Feature importance waterfall plot for the false positive dementia case.
Figure 4 illustrates the bee-swarm plot depicting the model's SHAP values and their impact on the model output. The horizontal axis signifies the predictive influence of each feature, either positively (indicating dementia) or negatively (indicating non-dementia) for an individual. Furthermore, the bee-swarm chart employs color coding for each dot, highlighting how the feature value for an individual compares to the average for the entire population.

Bee-swarm plot of the proposed hybrid LightGBM–TabPFN model on the hold-out test set.
The figure reveals the contributing factors, in order of importance, for predicting dementia in PD patients. Details about these factors can be found in Table 1. Consistent with these findings, research 39 by Sharp et al. has shown a link between lower education (DEM_EDU) and increased risk of dementia. Furthermore, the presence of depression (DEM_DEPRESSION) aligns with established knowledge of the connection between depression and dementia, especially in later life. 40 By considering these key features, both doctors and AI experts can gain valuable insights to address and potentially mitigate model bias.
The two figures not only showcase the predictive capability of the hybrid LightGBM–TabPFN model for individual patients but also reveal the collective influence of each feature on the model's output. This assists healthcare professionals in grasping the reasoning behind the model's predictions without requiring specialized knowledge in AI. Improving this interpretability is pivotal for instilling trust in AI and expanding its practicality for deployment in clinical settings.
Discussion
Our hybrid LightGBM–TabPFN model, complemented by SHAP analysis, has demonstrated the ability to visualize the impact of clinical features on predictions and accurately assess the probability of dementia conversion. Comparatively, our classifier exhibits superior performance when contrasted with seven other models, showcasing a noteworthy AUC score that fortifies its predictive strength for PD dementia.
Moreover, the adaptability of our approach suggests ease of deployment in clinical settings. The methods employed for handling missing values in our study hold potential applicability across the broader medical research domain, contributing robustness to models dealing with datasets featuring missing values. Although initially tested in a binary classification context, we anticipate extending this technique to address multi-class problems.
Successful integration of the hybrid LightGBM–TabPFN model into existing clinical workflows is paramount for widespread adoption by physicians. This is particularly important given the phenomenon of electronic health record (HER) burnout. 42 To achieve this integration, future research will explore potential avenues for incorporating the model's functionality. This may involve embedding the model directly within the EHR system or developing a user-friendly mobile application interface specifically tailored for healthcare professionals. By readily presenting the model's predictions during patient consultations, such integration can significantly enhance clinical efficiency.

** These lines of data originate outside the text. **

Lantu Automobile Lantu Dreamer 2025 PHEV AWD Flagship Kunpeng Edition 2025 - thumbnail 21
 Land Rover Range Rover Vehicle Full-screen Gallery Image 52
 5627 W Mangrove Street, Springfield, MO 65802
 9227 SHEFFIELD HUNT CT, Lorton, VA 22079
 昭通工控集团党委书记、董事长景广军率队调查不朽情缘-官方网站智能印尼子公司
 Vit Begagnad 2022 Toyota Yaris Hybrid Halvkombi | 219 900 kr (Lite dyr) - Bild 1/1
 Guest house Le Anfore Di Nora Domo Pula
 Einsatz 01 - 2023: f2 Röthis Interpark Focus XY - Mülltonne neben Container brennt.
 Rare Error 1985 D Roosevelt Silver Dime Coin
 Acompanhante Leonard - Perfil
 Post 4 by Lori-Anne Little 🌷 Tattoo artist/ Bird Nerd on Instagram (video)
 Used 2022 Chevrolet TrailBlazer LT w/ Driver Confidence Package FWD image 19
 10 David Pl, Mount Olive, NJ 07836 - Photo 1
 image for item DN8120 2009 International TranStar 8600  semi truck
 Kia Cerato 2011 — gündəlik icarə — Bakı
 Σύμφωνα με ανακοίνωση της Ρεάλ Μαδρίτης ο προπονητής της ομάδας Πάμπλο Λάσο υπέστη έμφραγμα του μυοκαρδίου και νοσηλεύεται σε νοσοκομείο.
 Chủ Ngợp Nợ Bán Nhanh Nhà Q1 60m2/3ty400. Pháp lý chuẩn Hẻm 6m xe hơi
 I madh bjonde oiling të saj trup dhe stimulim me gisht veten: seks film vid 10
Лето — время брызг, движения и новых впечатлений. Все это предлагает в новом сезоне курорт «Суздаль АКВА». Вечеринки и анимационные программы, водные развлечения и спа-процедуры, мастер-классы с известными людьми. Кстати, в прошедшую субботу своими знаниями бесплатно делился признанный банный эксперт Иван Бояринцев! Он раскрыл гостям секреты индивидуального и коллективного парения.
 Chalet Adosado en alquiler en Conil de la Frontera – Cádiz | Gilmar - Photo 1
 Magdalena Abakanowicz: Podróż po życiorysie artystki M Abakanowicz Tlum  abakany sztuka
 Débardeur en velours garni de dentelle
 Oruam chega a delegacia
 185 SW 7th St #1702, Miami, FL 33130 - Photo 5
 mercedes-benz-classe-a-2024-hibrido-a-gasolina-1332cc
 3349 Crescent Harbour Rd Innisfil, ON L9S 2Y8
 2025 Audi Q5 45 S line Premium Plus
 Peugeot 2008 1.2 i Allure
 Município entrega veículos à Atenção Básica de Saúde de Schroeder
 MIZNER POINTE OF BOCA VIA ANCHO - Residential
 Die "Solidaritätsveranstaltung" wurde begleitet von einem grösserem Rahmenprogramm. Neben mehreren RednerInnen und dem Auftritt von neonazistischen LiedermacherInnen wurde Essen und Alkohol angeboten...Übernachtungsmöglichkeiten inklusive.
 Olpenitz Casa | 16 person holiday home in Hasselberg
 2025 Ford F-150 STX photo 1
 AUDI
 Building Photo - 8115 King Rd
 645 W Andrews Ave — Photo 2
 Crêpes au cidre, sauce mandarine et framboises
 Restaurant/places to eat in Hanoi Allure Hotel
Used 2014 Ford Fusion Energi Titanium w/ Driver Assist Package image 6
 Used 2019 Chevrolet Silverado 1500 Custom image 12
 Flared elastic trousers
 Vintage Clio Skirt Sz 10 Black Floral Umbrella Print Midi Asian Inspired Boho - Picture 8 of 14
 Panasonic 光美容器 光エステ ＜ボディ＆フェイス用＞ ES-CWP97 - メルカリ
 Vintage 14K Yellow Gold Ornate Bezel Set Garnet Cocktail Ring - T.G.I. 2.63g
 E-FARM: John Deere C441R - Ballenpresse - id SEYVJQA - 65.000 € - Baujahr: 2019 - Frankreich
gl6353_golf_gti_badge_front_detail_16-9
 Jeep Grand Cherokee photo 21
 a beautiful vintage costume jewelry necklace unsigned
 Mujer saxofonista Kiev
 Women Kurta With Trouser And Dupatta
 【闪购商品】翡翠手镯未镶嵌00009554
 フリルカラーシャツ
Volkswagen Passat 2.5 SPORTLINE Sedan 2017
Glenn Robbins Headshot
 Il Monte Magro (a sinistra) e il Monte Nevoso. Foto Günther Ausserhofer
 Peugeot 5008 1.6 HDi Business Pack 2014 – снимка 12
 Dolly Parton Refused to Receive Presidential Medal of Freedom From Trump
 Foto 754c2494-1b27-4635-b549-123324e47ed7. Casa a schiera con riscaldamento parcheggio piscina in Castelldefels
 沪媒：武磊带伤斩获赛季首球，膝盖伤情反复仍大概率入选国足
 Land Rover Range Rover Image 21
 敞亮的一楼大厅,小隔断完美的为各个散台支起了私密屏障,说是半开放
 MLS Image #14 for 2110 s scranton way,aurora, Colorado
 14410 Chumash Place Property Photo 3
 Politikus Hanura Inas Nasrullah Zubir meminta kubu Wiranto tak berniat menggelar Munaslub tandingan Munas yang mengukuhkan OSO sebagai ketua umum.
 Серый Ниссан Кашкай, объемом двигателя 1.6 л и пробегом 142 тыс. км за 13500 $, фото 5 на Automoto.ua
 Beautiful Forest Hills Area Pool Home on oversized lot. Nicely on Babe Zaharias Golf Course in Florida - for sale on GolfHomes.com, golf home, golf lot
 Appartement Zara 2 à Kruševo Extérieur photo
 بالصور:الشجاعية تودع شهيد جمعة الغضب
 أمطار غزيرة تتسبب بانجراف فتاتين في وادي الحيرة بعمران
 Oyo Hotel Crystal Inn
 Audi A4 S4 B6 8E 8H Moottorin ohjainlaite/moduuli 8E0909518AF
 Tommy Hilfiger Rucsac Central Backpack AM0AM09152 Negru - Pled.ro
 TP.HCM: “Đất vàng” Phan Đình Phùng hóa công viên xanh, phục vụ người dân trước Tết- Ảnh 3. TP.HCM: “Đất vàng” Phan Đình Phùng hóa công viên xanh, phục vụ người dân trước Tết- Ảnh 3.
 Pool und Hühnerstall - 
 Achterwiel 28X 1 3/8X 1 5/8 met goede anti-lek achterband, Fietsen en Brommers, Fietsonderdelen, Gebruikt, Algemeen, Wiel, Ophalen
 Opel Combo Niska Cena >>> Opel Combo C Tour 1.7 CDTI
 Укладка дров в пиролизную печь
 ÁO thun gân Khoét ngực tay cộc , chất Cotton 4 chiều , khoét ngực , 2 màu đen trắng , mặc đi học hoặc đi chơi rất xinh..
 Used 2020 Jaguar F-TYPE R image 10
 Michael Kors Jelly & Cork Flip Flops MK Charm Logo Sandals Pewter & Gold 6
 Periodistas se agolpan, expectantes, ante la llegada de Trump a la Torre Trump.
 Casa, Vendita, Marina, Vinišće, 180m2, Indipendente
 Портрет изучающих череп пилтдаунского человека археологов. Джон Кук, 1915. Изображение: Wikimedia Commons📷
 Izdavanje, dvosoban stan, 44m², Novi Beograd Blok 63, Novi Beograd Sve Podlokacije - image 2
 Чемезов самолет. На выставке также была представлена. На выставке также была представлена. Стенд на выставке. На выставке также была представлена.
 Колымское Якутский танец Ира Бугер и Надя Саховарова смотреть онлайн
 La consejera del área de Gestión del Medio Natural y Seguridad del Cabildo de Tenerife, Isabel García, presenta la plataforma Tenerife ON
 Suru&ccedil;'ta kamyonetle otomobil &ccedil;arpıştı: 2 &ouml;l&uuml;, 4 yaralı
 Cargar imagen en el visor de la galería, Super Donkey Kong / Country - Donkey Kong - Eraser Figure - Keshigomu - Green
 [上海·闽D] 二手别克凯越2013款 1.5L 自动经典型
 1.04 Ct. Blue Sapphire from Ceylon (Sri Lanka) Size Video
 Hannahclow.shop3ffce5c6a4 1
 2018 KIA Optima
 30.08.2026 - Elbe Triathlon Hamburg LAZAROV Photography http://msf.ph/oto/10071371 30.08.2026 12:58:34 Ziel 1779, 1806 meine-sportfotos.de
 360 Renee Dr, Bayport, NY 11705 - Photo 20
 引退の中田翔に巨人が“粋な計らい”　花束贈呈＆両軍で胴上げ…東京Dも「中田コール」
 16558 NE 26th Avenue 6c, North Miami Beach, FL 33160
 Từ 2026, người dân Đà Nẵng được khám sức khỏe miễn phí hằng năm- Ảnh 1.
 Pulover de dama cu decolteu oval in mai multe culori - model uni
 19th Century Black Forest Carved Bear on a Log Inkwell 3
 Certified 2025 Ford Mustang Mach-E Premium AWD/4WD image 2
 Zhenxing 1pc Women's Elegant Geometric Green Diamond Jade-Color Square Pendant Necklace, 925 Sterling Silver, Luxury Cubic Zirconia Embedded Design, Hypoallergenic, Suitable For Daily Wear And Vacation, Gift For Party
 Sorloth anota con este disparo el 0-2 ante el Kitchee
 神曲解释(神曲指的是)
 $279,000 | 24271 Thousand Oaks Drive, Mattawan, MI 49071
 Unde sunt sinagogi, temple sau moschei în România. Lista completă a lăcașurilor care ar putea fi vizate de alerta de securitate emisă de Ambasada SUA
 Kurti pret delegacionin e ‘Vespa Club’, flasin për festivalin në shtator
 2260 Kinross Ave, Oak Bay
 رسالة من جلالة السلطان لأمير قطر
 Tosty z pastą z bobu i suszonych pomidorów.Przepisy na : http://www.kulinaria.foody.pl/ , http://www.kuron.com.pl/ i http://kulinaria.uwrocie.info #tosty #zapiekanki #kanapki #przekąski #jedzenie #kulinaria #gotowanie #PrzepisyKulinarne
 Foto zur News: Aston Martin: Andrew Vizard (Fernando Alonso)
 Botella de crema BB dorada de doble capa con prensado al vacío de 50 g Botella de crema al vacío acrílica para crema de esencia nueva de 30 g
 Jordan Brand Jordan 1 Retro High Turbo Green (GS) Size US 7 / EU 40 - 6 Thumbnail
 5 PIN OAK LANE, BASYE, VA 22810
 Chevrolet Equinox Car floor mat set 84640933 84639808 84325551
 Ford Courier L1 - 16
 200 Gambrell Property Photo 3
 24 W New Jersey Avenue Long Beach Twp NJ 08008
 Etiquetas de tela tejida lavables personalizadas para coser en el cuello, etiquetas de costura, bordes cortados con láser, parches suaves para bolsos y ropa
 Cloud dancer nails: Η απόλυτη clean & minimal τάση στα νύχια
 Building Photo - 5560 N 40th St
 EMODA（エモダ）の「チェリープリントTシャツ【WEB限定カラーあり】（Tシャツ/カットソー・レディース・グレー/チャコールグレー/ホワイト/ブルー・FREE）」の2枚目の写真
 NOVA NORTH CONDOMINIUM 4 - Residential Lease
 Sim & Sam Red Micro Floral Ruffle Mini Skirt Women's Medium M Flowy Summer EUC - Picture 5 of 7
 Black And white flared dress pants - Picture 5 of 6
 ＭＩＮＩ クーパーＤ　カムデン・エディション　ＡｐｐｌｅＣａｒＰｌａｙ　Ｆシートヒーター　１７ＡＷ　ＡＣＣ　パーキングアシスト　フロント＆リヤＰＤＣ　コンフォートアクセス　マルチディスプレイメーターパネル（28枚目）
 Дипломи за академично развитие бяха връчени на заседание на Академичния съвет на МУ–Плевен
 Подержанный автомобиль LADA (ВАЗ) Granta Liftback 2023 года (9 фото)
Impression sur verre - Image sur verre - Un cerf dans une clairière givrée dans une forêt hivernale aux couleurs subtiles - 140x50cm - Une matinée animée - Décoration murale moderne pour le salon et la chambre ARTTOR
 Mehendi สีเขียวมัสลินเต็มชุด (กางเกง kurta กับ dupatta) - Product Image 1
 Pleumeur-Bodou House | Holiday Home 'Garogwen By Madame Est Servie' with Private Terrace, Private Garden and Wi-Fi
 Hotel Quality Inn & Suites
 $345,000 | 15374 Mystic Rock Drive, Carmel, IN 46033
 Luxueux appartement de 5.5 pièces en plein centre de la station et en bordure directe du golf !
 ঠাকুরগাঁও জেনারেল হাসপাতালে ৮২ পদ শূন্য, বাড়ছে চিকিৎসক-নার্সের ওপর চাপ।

It is crucial to emphasize that the model's primary function is to augment, not supplant, clinical judgment. The model's output should be viewed as a valuable tool to inform and support physician decision-making processes. Envisioned scenarios for model utilization include flagging high-risk patients for further evaluation or prioritizing specific diagnostic tests based on the model's predictions. Ultimately, the responsibility for diagnosis and treatment planning would remain firmly within the domain of the healthcare professional.
It's important to acknowledge a limitation in our research—our model was exclusively evaluated on a single dataset. While internal validation through data splits demonstrated promising accuracy, broader acceptance by clinicians requires robust external validation on geographically and demographically diverse patient populations beyond PD. This external validation should ideally be conducted in real-world clinical settings, incorporating the model into existing workflows and evaluating its impact on physician decision-making and patient outcomes.
Although SHAP aids understanding, the complexity of the LightGBM–TabPFN model can hinder explaining its decision-making process for clinical use. This aligns with the concept of causability in interpretability research, as highlighted by Holzinger et al. 43 Causability emphasizes achieving a specific level of causal understanding for human experts, considering effectiveness, efficiency and satisfaction in a given context. To address this, future research will explore methods that incorporate not only SHAP but also expert explanations. This combined approach could provide a more comprehensive and causally grounded understanding of the model's reasoning for clinicians.
While RFECV demonstrated effectiveness in our feature selection process, it is important to acknowledge limitations inherent to this approach, particularly regarding interpretability of the selected features for complex models. Given the high dimensionality of the dataset, future research should involve a comprehensive evaluation of various feature selection methods. This could potentially lead to the identification of an even more effective feature subset that optimizes the performance of dementia prediction models in PD patients. We further acknowledge that achieving the optimal balance between a model's predictive power and the clinical interpretability of its features remains an ongoing area of exploration.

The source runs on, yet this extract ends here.